◆ **TASK DESCRIPTION**: Write out exactly the lines from the one with "THE JACKIE DARK" through the last line of the data below, but not the pictures.

◆ **RECORDED DATA**:
+++
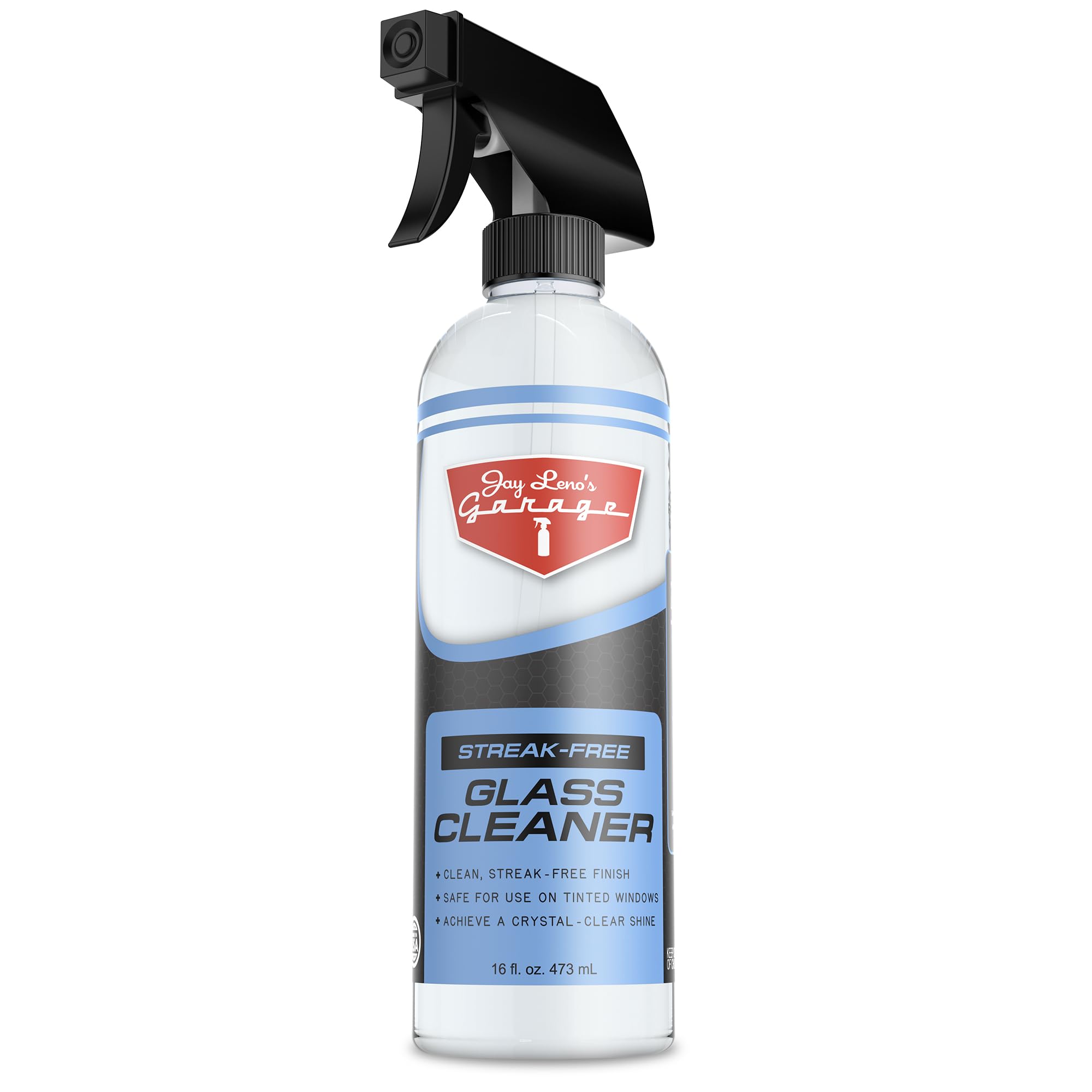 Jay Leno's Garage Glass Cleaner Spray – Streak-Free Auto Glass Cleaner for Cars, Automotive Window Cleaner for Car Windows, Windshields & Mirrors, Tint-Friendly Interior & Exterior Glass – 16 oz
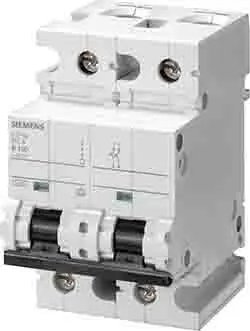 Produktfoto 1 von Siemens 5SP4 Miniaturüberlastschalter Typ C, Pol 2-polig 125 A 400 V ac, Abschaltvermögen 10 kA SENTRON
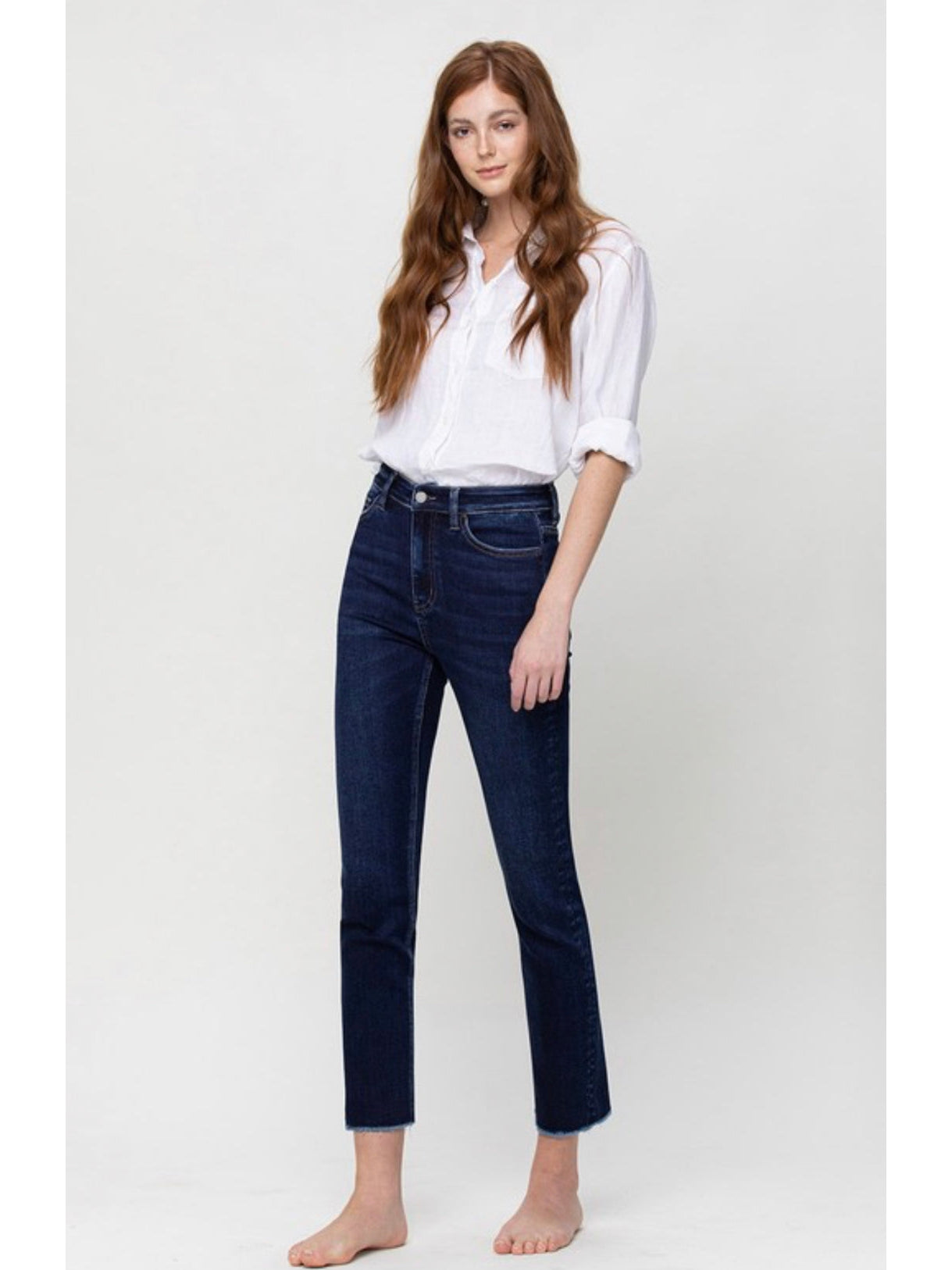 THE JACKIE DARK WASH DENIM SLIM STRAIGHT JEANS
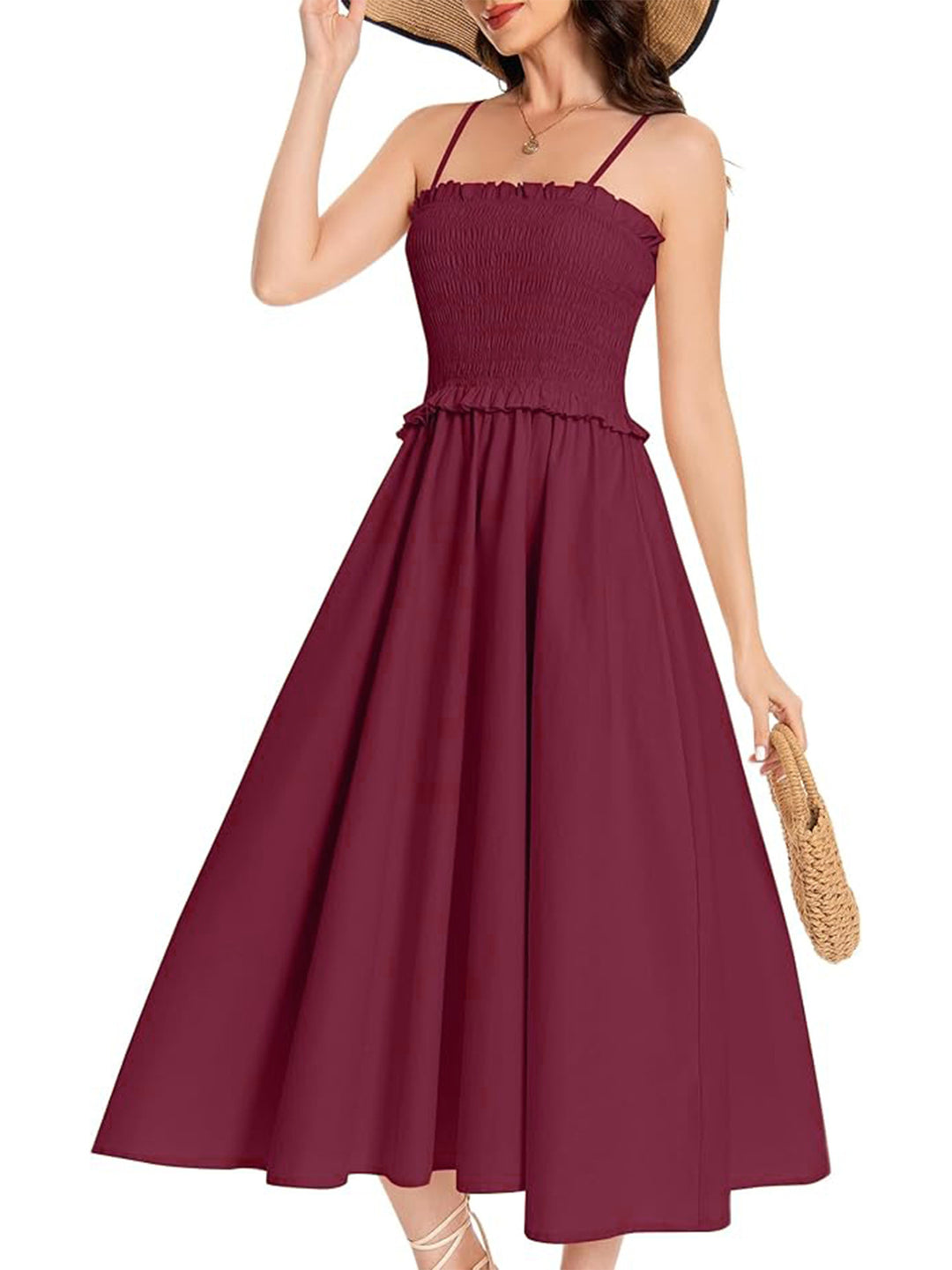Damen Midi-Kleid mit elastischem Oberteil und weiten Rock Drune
+++
◆ **OUTPUT BELOW**:
 THE JACKIE DARK WASH DENIM SLIM STRAIGHT JEANS
Damen Midi-Kleid mit elastischem Oberteil und weiten Rock Drune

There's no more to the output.